Of all the lines below, output only those starting at the one with "Small Image of" and ending at the one with "2026 Kia Sorento Hybrid — photo 13 view", both ends included, exactly as written.
*** Opening of Information provided ***
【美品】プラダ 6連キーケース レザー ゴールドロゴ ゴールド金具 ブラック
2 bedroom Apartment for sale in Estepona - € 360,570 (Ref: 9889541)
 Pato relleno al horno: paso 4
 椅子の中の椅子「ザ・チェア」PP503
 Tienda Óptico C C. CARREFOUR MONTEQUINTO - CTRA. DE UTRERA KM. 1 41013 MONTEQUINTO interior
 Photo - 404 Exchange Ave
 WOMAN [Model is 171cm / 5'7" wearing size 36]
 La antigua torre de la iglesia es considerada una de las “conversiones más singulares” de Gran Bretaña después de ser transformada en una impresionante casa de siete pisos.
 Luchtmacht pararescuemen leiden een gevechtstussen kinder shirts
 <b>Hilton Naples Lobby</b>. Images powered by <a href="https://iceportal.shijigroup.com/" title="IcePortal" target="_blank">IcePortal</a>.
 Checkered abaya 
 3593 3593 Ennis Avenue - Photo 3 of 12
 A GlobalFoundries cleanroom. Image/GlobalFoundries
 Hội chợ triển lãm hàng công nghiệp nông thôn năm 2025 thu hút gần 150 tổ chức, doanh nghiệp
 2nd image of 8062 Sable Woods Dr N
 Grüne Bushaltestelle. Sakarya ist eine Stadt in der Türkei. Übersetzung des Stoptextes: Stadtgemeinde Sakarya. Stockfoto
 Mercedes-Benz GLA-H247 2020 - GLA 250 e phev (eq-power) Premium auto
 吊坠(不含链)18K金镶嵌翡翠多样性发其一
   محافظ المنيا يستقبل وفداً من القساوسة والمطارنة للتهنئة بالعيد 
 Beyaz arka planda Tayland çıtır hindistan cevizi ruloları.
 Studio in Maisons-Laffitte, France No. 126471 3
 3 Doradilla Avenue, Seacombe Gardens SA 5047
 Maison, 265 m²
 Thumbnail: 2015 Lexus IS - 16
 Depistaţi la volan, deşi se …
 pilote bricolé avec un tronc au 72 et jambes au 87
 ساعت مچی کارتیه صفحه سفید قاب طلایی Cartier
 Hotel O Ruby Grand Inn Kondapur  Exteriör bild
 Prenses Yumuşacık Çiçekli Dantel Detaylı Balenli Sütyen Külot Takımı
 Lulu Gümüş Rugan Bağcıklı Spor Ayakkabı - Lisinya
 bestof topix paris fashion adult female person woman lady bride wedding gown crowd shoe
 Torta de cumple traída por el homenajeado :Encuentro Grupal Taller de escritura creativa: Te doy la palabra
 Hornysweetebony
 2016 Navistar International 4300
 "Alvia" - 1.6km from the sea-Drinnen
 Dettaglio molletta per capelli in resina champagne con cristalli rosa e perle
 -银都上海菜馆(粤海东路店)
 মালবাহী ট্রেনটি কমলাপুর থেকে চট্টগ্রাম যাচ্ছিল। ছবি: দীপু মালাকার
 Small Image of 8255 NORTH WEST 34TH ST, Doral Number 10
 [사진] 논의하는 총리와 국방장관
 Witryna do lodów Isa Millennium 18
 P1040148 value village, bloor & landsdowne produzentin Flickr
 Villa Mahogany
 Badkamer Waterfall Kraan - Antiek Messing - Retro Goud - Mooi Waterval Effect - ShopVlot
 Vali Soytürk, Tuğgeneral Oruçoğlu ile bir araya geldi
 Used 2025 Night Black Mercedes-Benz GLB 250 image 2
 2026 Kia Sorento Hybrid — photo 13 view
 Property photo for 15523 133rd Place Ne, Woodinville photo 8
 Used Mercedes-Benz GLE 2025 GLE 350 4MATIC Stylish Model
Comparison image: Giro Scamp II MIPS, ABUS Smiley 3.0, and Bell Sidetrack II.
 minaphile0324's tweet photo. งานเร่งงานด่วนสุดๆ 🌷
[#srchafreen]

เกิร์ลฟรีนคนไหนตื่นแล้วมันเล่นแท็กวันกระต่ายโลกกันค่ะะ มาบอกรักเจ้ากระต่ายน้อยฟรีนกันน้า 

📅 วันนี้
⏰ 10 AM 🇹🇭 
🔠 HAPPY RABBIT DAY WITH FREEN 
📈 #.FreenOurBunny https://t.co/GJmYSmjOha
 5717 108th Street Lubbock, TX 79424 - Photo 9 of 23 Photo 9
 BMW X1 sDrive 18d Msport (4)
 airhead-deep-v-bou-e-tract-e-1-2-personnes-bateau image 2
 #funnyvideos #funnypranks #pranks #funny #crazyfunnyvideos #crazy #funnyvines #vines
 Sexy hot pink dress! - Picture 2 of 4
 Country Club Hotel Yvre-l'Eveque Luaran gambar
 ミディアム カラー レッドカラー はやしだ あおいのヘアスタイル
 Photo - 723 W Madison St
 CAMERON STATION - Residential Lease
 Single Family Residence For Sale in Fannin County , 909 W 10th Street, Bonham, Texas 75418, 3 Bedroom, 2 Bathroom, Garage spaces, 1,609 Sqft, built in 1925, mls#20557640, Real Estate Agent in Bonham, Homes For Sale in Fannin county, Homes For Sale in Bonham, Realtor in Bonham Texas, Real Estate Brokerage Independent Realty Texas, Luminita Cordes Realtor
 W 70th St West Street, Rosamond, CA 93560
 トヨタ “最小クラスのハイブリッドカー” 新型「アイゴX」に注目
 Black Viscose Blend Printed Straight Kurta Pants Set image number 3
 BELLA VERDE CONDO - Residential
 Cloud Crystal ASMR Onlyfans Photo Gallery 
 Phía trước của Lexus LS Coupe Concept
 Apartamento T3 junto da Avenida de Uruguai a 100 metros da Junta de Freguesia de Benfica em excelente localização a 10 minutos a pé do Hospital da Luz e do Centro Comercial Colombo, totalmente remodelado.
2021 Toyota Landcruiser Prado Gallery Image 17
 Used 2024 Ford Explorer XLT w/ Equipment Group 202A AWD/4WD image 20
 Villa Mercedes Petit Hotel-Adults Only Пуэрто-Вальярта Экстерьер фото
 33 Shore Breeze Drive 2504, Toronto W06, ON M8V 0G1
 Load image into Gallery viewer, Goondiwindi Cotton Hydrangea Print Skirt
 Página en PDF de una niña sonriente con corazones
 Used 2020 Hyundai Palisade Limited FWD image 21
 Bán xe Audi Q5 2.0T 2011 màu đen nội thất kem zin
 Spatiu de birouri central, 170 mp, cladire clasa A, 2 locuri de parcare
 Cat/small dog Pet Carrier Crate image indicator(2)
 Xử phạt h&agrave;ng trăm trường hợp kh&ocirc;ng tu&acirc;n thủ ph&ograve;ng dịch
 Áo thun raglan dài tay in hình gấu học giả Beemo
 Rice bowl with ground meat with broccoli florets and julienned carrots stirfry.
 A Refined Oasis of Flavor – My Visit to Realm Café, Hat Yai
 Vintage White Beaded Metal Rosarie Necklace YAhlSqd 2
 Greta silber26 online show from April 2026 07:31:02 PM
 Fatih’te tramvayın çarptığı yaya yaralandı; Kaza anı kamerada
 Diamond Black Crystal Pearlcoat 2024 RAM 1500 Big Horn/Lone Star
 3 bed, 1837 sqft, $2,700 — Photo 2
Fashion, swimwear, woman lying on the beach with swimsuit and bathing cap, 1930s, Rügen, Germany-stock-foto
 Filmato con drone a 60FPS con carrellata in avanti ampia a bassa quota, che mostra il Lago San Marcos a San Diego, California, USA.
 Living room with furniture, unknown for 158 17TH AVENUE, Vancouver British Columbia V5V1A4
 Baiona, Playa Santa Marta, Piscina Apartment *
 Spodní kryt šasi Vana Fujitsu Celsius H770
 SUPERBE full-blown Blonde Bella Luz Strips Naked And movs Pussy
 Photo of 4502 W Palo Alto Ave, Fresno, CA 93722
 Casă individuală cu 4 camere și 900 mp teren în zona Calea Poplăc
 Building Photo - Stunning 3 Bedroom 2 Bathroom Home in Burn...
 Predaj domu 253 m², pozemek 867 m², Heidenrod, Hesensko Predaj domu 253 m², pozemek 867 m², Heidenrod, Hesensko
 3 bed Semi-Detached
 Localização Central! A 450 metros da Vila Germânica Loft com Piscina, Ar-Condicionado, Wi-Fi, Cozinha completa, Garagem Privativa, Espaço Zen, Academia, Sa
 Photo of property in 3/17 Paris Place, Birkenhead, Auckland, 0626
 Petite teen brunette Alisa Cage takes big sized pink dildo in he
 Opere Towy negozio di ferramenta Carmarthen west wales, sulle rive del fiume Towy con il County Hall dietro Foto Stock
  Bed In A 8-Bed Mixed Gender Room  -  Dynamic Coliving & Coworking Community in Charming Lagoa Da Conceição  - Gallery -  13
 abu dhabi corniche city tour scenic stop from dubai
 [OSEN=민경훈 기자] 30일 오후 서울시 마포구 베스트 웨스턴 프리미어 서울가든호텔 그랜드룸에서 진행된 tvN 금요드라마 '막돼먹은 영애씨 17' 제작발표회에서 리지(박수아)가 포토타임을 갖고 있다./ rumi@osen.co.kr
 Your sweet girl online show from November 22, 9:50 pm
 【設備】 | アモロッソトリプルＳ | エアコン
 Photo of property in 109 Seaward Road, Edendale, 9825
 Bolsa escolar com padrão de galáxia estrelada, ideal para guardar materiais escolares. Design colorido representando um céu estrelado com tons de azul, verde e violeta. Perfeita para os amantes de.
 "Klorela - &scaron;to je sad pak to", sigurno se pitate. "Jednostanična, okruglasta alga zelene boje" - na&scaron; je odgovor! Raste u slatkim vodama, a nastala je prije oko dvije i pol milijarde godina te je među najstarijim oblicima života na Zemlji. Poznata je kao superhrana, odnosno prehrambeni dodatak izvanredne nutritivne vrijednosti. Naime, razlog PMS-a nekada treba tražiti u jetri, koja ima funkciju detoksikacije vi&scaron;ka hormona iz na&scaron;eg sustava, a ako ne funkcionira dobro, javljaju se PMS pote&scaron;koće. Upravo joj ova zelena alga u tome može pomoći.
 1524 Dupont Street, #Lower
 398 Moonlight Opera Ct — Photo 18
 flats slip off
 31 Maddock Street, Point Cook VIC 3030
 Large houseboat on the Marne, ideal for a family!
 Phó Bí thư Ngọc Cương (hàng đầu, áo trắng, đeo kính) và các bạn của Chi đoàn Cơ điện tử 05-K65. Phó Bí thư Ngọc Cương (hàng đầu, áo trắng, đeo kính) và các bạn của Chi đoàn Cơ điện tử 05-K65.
*** Close of Information provided ***
Your solution:
 Small Image of 8255 NORTH WEST 34TH ST, Doral Number 10
 [사진] 논의하는 총리와 국방장관
 Witryna do lodów Isa Millennium 18
 P1040148 value village, bloor & landsdowne produzentin Flickr
 Villa Mahogany
 Badkamer Waterfall Kraan - Antiek Messing - Retro Goud - Mooi Waterval Effect - ShopVlot
 Vali Soytürk, Tuğgeneral Oruçoğlu ile bir araya geldi
 Used 2025 Night Black Mercedes-Benz GLB 250 image 2
 2026 Kia Sorento Hybrid — photo 13 view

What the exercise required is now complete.